I am fortunate that I have not needed to advertise my services up ‘til now. But, that doesn’t mean I don’t invest time, energy and money in developing and marketing myself, for example by regularly updating my social media accounts, updating and optimising my online presence (on LinkedIn and freelancer websites) and building and optimising my website so people can find me when searching for someone with my specialties. I also invest in training to expand my skills.

  1. How does your typical working day look like?

Oh goodness – tough question. My days are very varied… there is never a typical day! I generally check for emails from my clients first thing in the morning, then check their social networks for any messages or notifications that have come in overnight that need responding to. I then search for new content to update social networks that I freepost to.

Next, I might prepare a social media schedule (content calendar) for the following week for a client’s pre-approval before scheduling.

I might write or edit a client’s new blog post and upload to their website, work on their marketing material or prepare a weekly newsletter.

I also plan campaigns, send proposals for new work, update my social media or work on my website…

I always try to fit in a 30-45- minute dog walk each day too – very important!.

I always try to fit in a 30-45- minute dog walk each day too – very important!

  1. What about other days, when you don’t work?

I love spending time at home but as I am at home all week, I like to go out at weekends. I often hop on a train up to London and walk along the River Thames. I also enjoy going to the theatre and having meals out with friends and family.

  1. How many hours / days per week do you work?

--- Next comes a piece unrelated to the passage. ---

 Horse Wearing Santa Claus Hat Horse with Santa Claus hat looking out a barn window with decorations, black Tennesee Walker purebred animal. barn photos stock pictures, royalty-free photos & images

One of the disadvantages of being a freelancer is that there is always work to be done so it is very hard to switch off. However, I try only to work Monday to Friday. This isn’t always practical though, as one of my clients is open seven days a week, 365 days per year, so although I can preschedule their weekend posts, I still have to be available to check their accounts have posted as scheduled and be available for customer service responses and any emergencies that arise. Furthermore, social media is a 24/7 business and often things crop up at unusual hours that just can’t wait until Monday morning.

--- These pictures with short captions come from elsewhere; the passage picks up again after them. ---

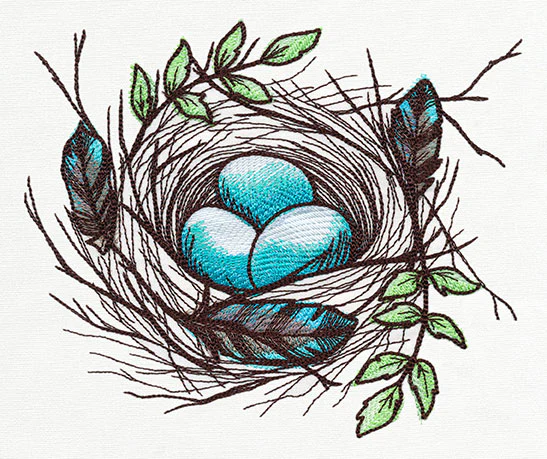 Nest - Eggs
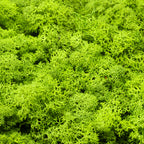 Cardboard Iceland moss, light grass green - 500g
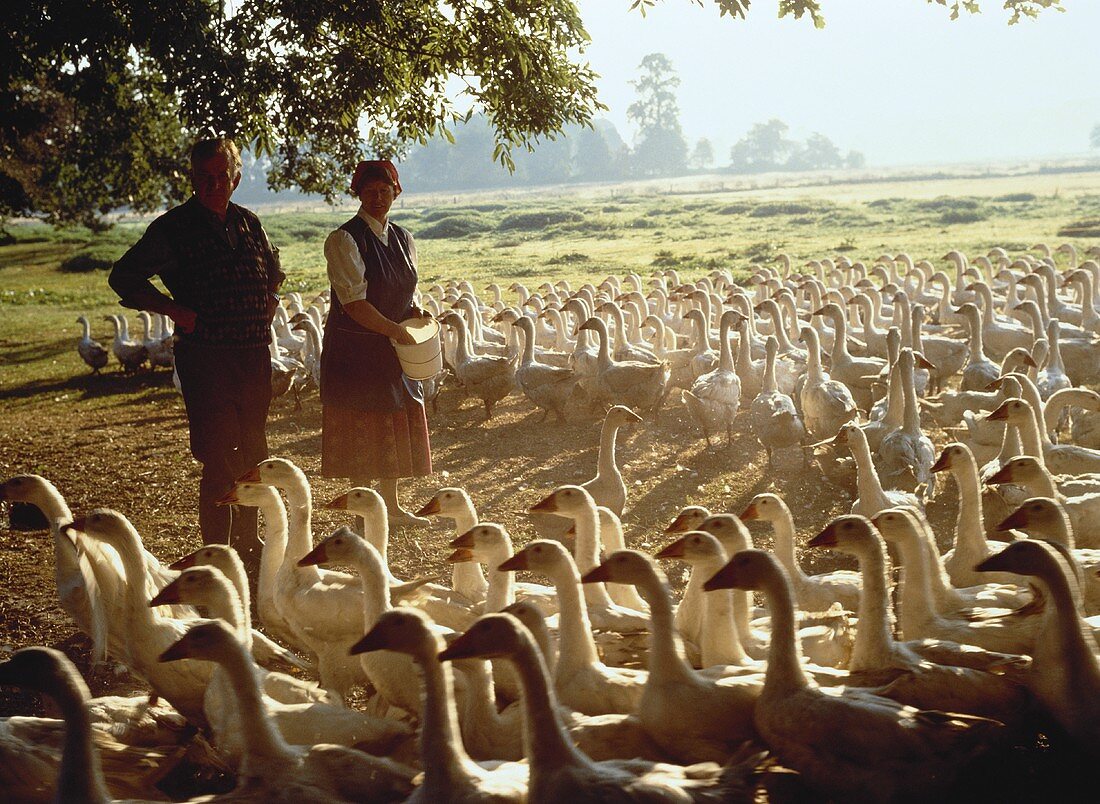 Goose breeding in Lower Saxony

  1. Which books do you recommend to freelancers?

Books for social media? None I ‘m afraid. As I said earlier, the world of social media is always changing so a book may become irrelevant the minute it is written. I much prefer to read online articles or watch a video related to the platform or campaign I am working on at that moment in time.

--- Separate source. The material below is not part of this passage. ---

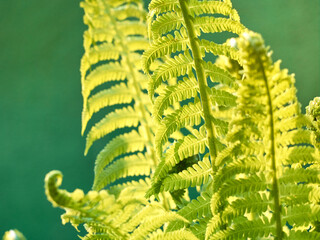 Young green fern in forest.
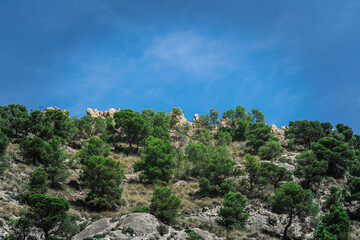 Naklejka premium Cima de montaña con estructuras enpedradas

  1. Which online resources do you regularly use?

There are several apps and platforms I use to make my work more efficient…too many to name, but here are a few: Hootsuite & Tweetdeck for listening, scheduling & posting, One Tab for saving all the websites I visit and Mailbutler to manage my Mac Mail effectively.

  1. Top mobile apps on your smartphone?

Good question!

  • Hootsuite for checking scheduled posts on the move
  • All the social network apps – Facebook, Facebook pages, Twitter, Instagram, Google+ etc. – much of my work can be managed from my phone…
  • Feedler, for managing all my RSS feed subscriptions (for news reporting & client industry news)
  • Google Drive and Dropbox so I can access all my client files from any device
  1. The place where you find your peace?

My bedroom, no electrical devices allowed! 😀

  1. Your plans for the future?

I’m enjoying freelancing at the moment, so hope to continue to grow and build my business.